Kamaruzzaman lawyers don’t want haste in review disposal

Convicted war criminal Mohammad Kamaruzzaman’s lawyers have said they do not want the review petition on the death penalty awarded to the Jamaat leader to be heard in haste.

Suliman NiloySuliman Niloybdnews24.com
Published : 5 March 2015, 04:27 PM
Updated : 6 April 2015, 01:41 PM

The Jamaat-e-Islami leader’s lawyer Joynal Amin Tuhin filed the review petition just after 11am on Thursday, the 14th day since the International Crimes Tribunal issued the death warrant.
 
The petition was recorded just after 1pm.
 
Before submitting the petition, Kamaruzzaman’s lawyers Khandaker Mahbub Hossain, Tajul Islam and Shishir Monir held a press conference on the review petition.
 
Khandaker, also the SCBA president and the adviser to BNP chief Khaleda Zia, said: “Thousands of cases are pending. Many cases in which death penalties had been awarded are also pending.”
 
“There is no compulsion for prompt disposal of the review petition here,” he added.
 

Khandaker hoped the court would not be in a hurry to dispose of Kamaruzzaman’s plea.
“Tension is prevailing in the country. We the lawyers cannot stay home at night. Many are worried,” he said.
In another press conference, Attorney General Mahbubey Alam said the verdict on convicted war criminal Abdul Quader Molla, who has been already hanged, had suggested prompt disposal of review petitions.
He said: “It is said there (in the verdict) that it’s not an appeal. It’s not a matter for re-hearing. This (review) provision is there so that the court can rectify if it had made any mistake.”
“No law provides for review. Only verdict provides for it. The same verdict says it (review petition) has to be disposed of promptly,” he added.

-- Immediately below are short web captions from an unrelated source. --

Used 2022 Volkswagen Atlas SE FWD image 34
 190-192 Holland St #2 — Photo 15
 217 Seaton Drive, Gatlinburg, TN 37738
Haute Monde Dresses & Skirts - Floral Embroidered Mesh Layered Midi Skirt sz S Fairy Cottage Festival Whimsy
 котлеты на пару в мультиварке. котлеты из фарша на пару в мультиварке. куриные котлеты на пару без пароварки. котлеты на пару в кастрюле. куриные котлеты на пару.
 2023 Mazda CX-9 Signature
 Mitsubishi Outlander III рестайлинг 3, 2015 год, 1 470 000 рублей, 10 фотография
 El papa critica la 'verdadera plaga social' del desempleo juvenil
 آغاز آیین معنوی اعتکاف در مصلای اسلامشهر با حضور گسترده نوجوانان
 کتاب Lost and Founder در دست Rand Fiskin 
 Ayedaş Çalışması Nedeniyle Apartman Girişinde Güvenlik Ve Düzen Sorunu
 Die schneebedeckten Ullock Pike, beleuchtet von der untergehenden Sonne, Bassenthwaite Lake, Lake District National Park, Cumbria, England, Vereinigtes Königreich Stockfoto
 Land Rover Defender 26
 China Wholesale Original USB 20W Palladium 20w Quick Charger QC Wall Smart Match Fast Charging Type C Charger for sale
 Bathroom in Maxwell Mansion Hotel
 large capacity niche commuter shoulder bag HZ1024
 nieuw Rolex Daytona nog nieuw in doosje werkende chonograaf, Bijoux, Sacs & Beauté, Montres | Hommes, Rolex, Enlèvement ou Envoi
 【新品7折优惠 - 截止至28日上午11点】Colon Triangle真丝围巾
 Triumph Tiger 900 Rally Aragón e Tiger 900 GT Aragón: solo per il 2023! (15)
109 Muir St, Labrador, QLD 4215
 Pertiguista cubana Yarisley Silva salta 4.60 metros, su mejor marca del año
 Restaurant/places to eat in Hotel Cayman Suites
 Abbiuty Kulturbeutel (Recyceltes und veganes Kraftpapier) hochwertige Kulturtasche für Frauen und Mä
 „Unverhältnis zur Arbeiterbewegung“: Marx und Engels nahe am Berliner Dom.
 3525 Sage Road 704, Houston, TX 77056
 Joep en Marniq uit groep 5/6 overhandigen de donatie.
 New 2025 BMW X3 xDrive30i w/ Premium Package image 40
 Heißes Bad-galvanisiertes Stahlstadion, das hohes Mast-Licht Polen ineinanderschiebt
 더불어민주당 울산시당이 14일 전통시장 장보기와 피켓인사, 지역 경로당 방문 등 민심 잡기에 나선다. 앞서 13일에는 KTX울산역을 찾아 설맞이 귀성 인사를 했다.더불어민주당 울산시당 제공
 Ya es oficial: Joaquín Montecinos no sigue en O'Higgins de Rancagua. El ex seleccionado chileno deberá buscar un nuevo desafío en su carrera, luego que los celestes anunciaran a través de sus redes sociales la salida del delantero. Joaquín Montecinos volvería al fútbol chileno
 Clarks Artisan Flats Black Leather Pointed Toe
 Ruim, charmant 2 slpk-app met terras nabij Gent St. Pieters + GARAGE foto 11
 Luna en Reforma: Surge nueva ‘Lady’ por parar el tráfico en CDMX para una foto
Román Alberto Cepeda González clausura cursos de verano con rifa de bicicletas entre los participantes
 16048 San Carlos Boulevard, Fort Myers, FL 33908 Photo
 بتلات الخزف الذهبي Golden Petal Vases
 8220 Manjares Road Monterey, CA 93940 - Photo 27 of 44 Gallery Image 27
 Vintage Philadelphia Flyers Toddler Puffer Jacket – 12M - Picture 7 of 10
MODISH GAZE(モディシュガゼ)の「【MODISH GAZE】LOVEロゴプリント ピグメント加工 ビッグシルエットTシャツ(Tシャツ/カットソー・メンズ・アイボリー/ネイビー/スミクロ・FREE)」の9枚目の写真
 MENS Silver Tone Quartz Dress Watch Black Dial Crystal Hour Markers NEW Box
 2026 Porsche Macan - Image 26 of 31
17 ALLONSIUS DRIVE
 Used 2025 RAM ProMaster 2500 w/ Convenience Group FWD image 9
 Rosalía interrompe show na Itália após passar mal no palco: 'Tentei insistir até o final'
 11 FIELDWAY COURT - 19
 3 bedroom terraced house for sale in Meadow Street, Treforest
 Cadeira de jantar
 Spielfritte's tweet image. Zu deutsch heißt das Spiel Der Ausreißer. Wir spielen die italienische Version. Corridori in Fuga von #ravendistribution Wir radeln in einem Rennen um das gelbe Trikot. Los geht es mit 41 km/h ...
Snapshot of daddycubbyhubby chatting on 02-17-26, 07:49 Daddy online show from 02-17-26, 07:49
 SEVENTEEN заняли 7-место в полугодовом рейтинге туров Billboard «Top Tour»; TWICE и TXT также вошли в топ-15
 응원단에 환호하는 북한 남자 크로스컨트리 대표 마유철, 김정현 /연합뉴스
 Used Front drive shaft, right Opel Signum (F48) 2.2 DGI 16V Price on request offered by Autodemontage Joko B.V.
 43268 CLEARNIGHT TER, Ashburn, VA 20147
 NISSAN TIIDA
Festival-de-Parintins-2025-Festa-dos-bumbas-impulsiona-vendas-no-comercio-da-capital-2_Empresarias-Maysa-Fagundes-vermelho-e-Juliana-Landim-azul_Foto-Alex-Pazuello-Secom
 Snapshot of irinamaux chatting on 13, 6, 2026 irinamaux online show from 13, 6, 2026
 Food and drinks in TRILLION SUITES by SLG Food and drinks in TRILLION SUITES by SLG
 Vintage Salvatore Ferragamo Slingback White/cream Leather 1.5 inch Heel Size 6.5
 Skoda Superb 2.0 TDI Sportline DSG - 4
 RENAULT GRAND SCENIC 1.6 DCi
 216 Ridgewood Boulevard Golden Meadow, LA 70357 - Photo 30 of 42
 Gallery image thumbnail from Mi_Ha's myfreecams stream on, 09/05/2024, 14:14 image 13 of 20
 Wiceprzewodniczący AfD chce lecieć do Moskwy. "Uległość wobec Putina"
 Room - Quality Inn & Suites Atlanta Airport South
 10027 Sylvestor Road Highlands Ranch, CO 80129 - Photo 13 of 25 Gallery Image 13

Kamaruzzaman had been sentenced to death by the International Crimes Tribunal (ICT)-2 in May 2013 after it found him guilty of five of the seven charges levelled against him by the prosecution.
 
He was the acting president of the Islami Chhatra Sangha in Mymensingh in 1971 and ‘chief organiser’ of the Al Badr in the region during the 1971 Liberation War.
 
Vigilante militia Al Badr had been formed to help the Pakistan army thwart Bangladesh’s freedom struggle, the court observed.
 
Kamaruzzaman was awarded death on two charges - the murder of Golam Mostafa and the killing of 120 men and the raping of women at Sohagpur village at Sherpur’s Nalitabari on July 25, 1971.
 
The Appellate Division upheld his death sentence in its verdict in Nov, 2014. But it reduced the death sentence awarded for the murder of Golam Mostafa to life.

The three judges of the ICT-2 signed his death warrant on Feb 19 after the release of the Supreme Court’s full verdict. The death warrant was read out to Kamaruzzaman after it was sent to prison.